我又怕你告诉我你真的不要了。只用观微剑自然不是长久之计,而这世间,除了你原来的佩剑,我想不到还有哪把剑配得上你。”
“但我没想到会这样,师尊,”他那漂亮平静的眉眼突然向下一耷,整个人呈现出一股将哭未哭的无助神情,但手指稍稍一紧,便将这冲动给憋住了,“你为什么又——”
“阿濯。”柳轻绮打断他。他深吸一口气:“我真没想到你会这么做。”
“师尊,对不起——”
“但你也不用跟我说对不起,我知道。”他低下眼睛,轻声说,“有些事情,发生就是发生了。你再不想要见到它,它也发生了。如果这个责必须要我担,这件事必须要我去做,那我逃也逃不掉,这辈子都逃不掉。”
他不痛不痒地笑了一下:“所以,好吧,我认了。我必须要去做的我会去做。同样的,若世事必叫我死,我也会去死。”
方濯一把握住他的手:“不,我不要叫你去死——”
“现在你我的意见都不重要,重要的是十年前我师尊这些罪过若是当真成真,究竟是要何人过来替他担责,”柳轻绮抬头望着他,神色平和,“所以知道吗?十年前我想方设法自尽就是因为我害怕面对未来的一切。那时候地府没有收我,没有哪个地方愿意收走我的魂魄。我侥幸活了下来,而现在就是这因缘终于返还的时候。”
“从此后,燕应叹会看着我,沈长梦会看着我,这过往旧事一旦公布于众,全修真界的人都会关注我的踪影、等待着我到底如何裁决。以前的好日子不会再有,而你师尊我从来不是能够兼顾的人,我帮得了这个就救不了那个,我能护得住自己就保不住他人,你早知道。”
他摩挲着方濯的指节,抬起眼,深深地望进去,声音像一片尾羽似的轻,却沉沉地于方濯心上驻足:
“所以阿濯,谢谢你把杳杳给我带回来。”
“但是都这样了,你还要在我身边吗?”
他提出来一个问题,任由声音落在地上,像阳光跌入湖中。而方濯盯着他看,给了他一个无声的回答——他从怀中摸出来一样东西,塞到柳轻绮手里。那是一枚鲜红色的崭新剑穗,通体被洗濯干净,躺在掌心像是一枚红艳艳的星子。
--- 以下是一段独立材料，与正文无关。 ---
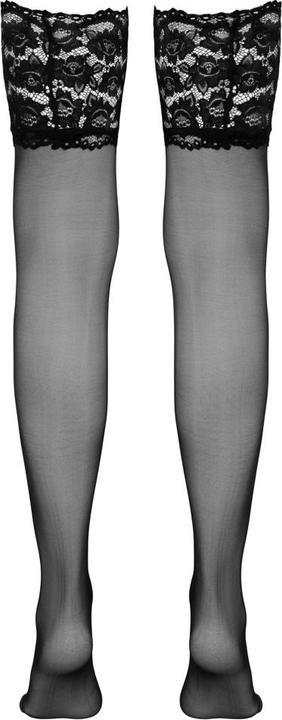 Produktbild Cottelli Collection Strümpfe mit breiter Blütenspitze (M)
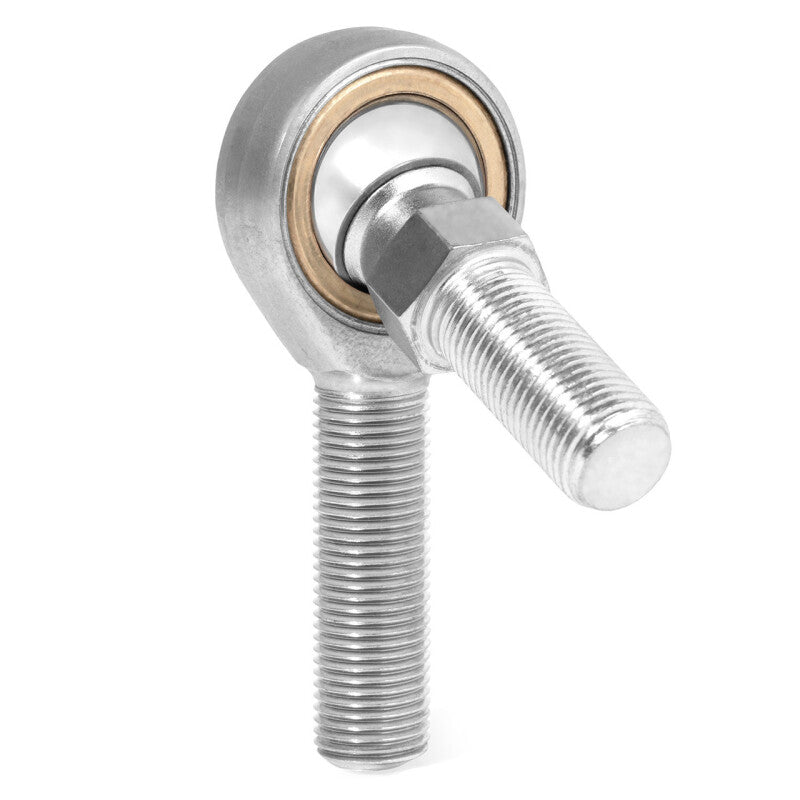 QA1 V Series 3-Pc Rod End - Male/Right Hand - 5mm Bore x M5x.08 w/Stud - Carbon Steel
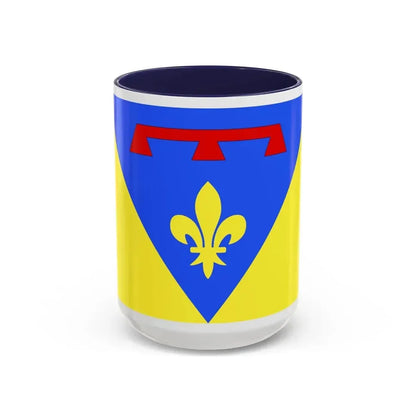 Flag of Var France 2 - Accent Coffee Mug 15oz Navy - Go Mug Yourself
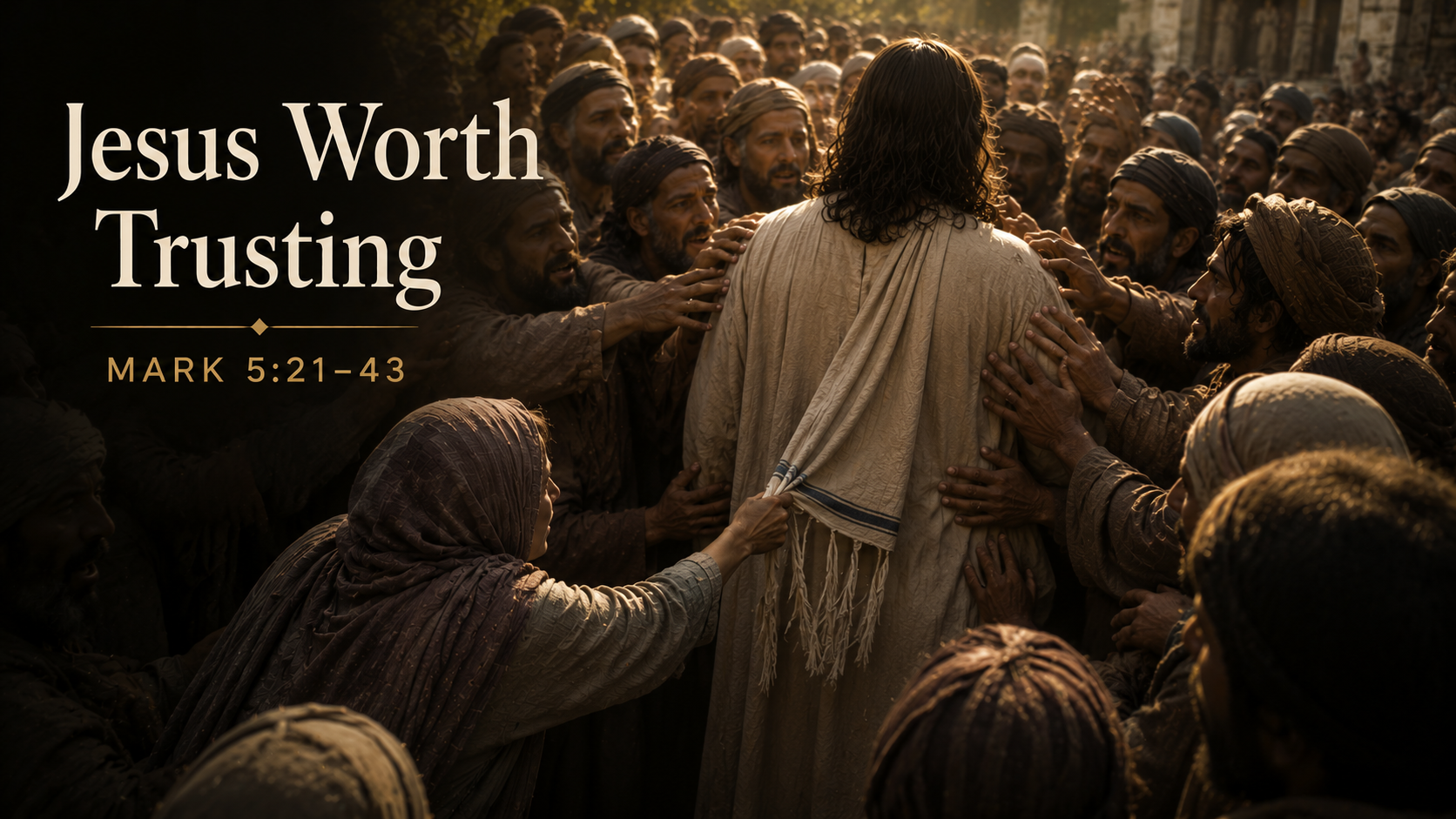 The Afternoon That Changed Everything - getting close in with Mark 5:21-43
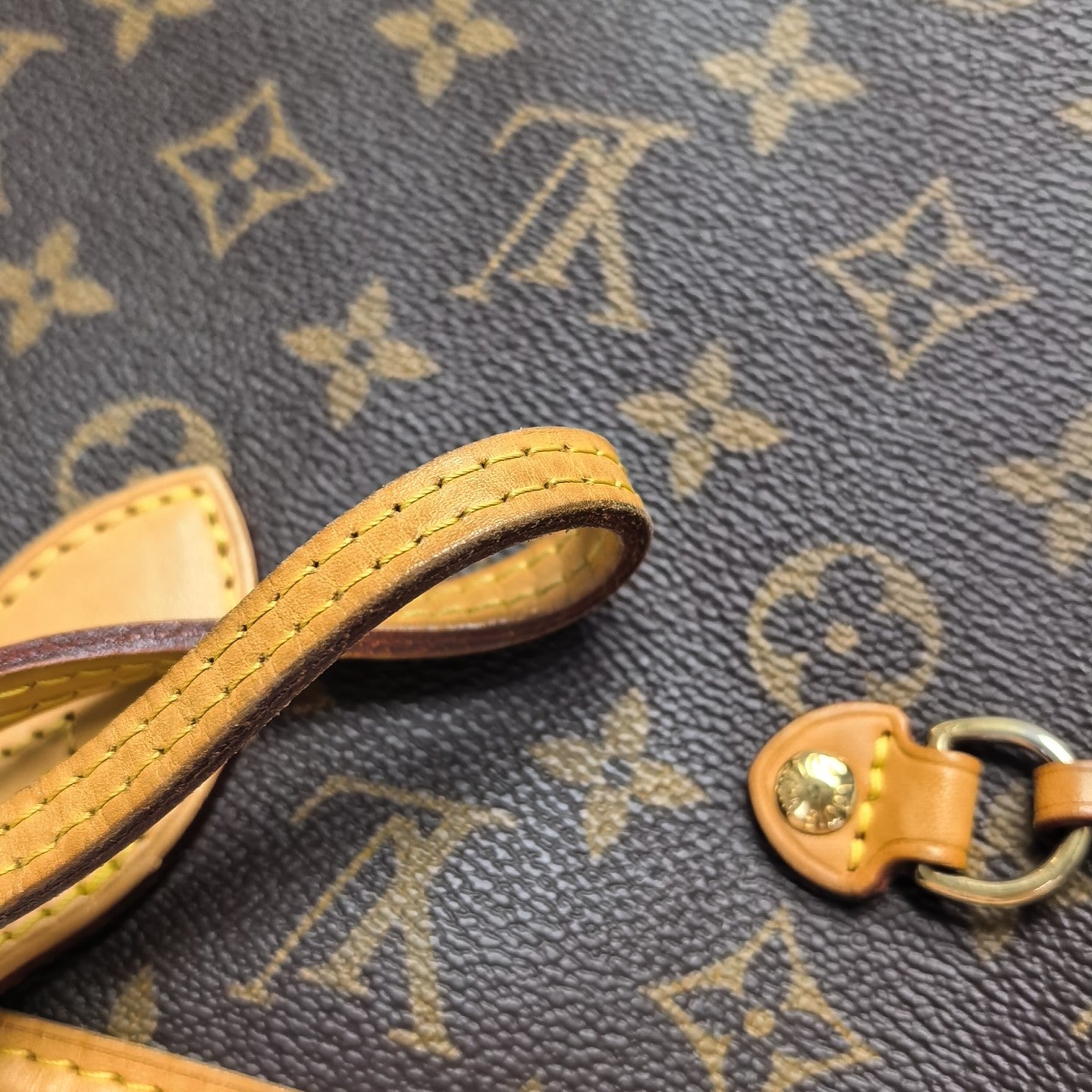 NEVERFULL MM Monogram Coated Canvas Brown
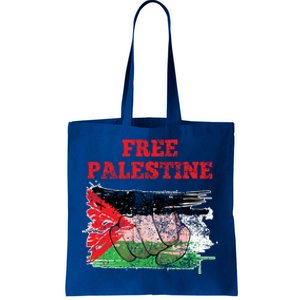 Palestine Flag Patriotic Palestinian Free Palestine Cute Gift Tote Bag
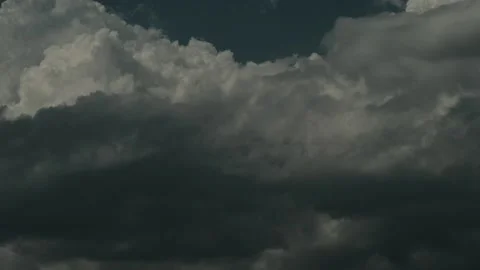 Colorful dramatic sky with clouds.Perfect for cinema, background.Timelapse Stock Footage 207642678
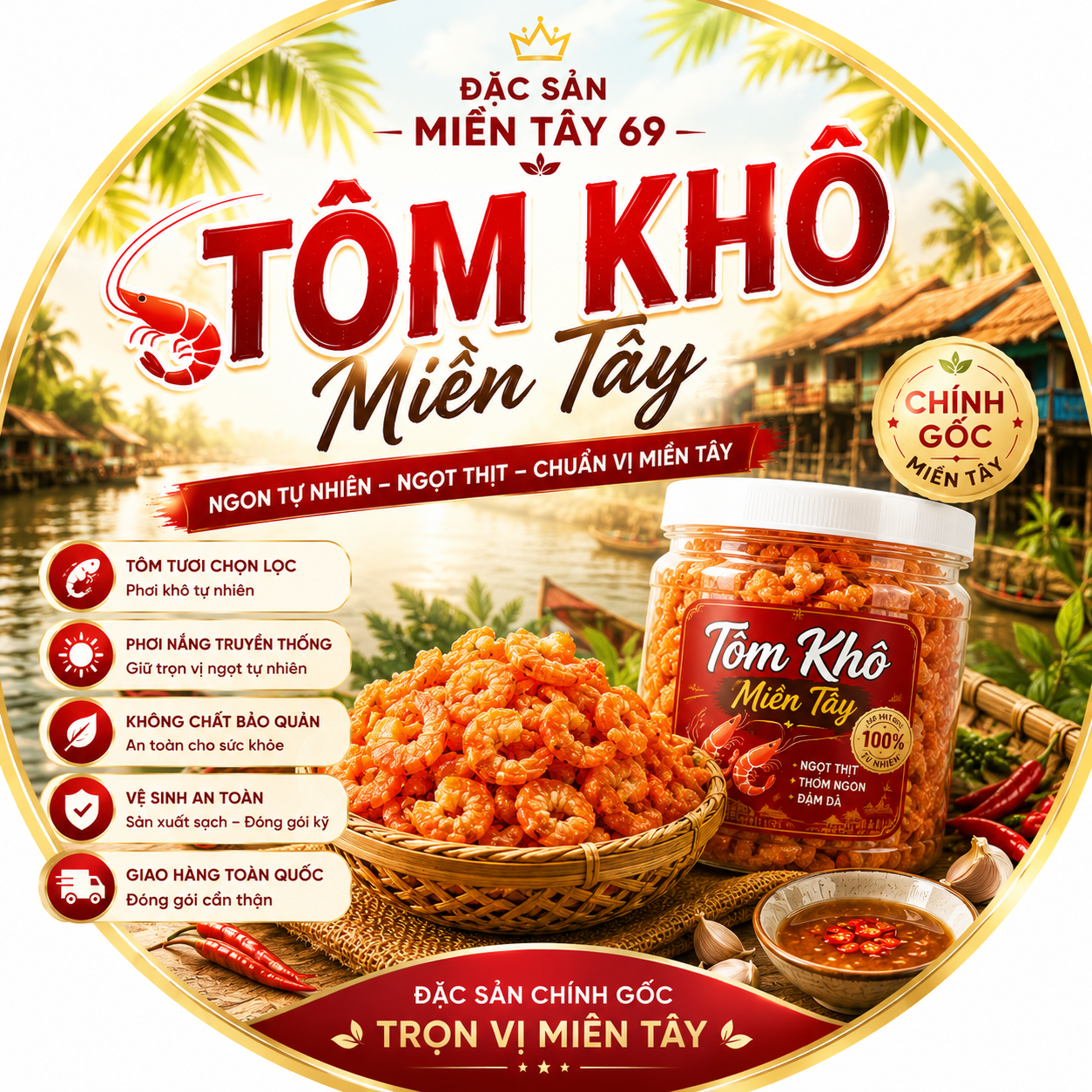 TÔM KHÔ
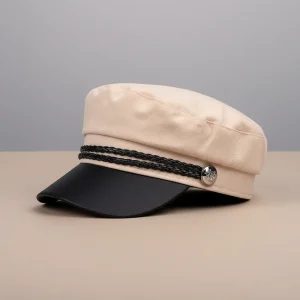Casquette gavroche coton beige style marin femme - Vue 2 - casquette gavroche
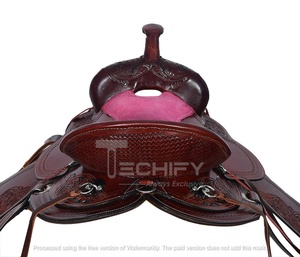 Selle de course de baril occidentale légère, équipement équestre haut de gamme, accessoires pour chevaux, produit équestre - Product Image 4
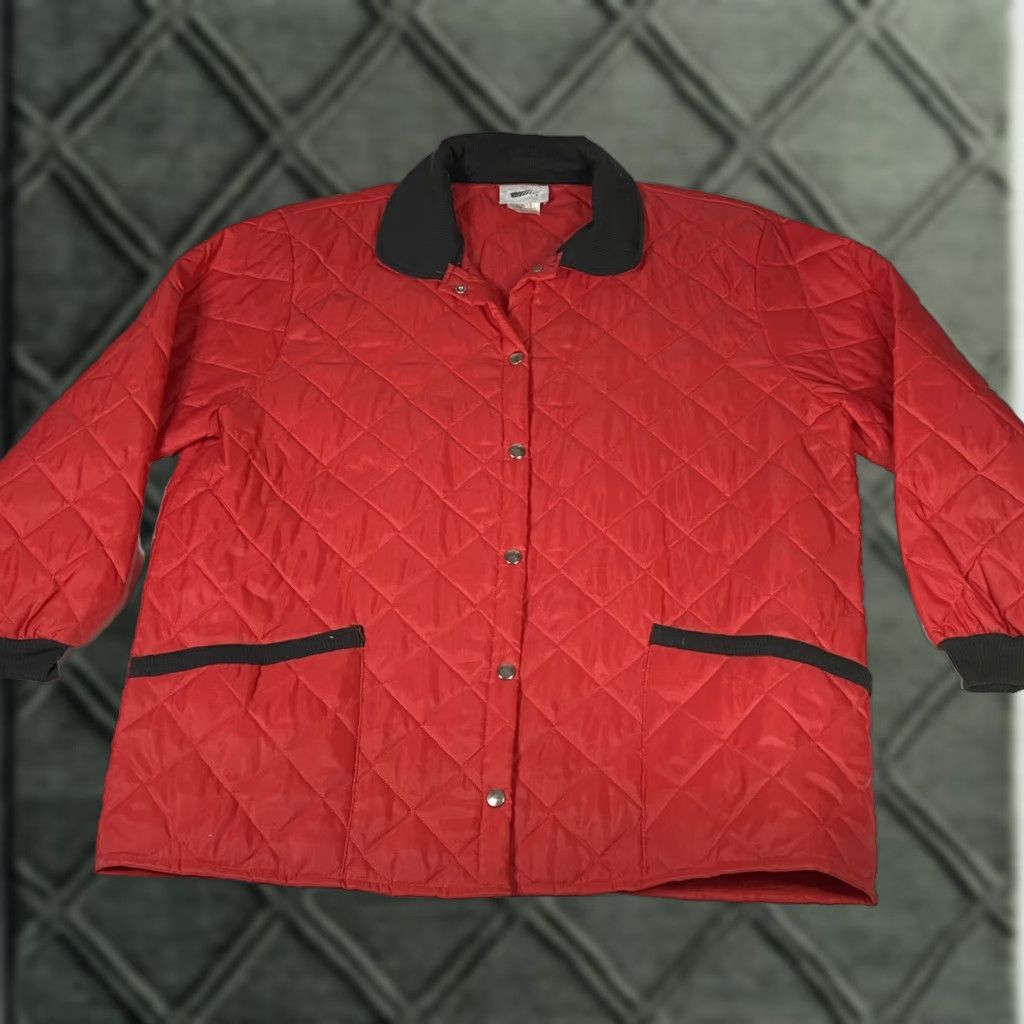 Blair VINTAGE John Blair 79’s Quilted Jacket Unisex Adults Size L Red Quilted Jacket 1970 Mens Womens Boys Girls Size US L / EU 52-54 / 3 - 1 Thumbnail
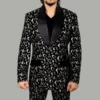 Black Mask Costume Suit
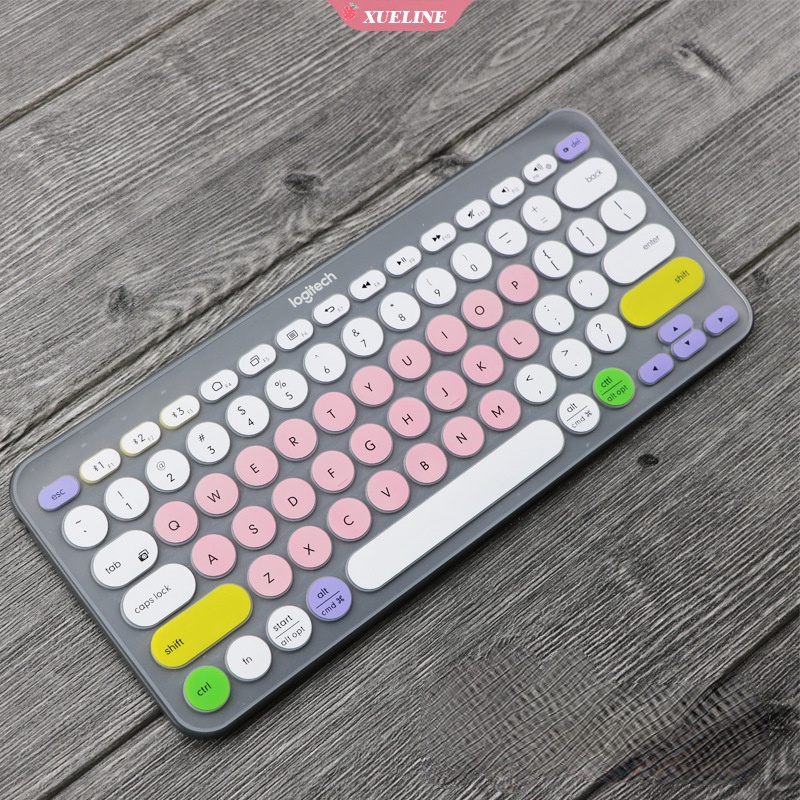 Cover Pelindung keyboard Bahan Silikon Slim Untuk Logitech K380 (ZXL)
滚在掌纹间,又像是鲜血的凝聚,手指相交缠间,便好似交接了某种血肉般的诺言。
“我看你那穗子已经有些旧了,买了个新的,”他说,“试试看?”
柳轻绮盯着那穗子看了半晌,长出一口气,终于笑了。
他故作轻松地说:“已经十几年了,能不旧吗。”
“要不我帮你系?”
“不用,我自己来。”
他的手慢吞吞地移到床头,将杳杳剑握在了手中。解开那剑柄上缠绕着的敝旧的红剑穗,像解开一寸又一寸旧时光。他俯身在床头,正细细地解着的时候,肩膀突然一紧,整个人被拥入一个怀抱中。
这怀抱不似想象中那样温暖,带着些来时的寒意,直偎着他的面庞,却在渗入肌肤的一瞬化作绕指春风。方濯紧紧搂着他,抱得两人的骨头都有点发疼,但是一声不吭。柳轻绮放下剑,抓着剑穗,也收紧了手臂,紧紧回抱住他。两人无声无息地拥抱,可这过度的力量箍着他的身躯,却好像将那好不容易咽下去的血和泪都一齐挤得涌了出来。他眼前登时一片模糊,咬紧牙。在这紧密得几乎有些颤抖的怀抱中,他听到方濯在自己耳边说:
“对不起,但我不后悔。”
柳轻绮咬紧牙关:“我也不后悔。”
“我这辈子都不后悔。咱们俩一直在一起,谁也不会不要谁,谁也不会嫌弃谁,这辈子就这么过,你死了我也不活着,你要葬在墓园里,我也不让你孤苦伶仃的。”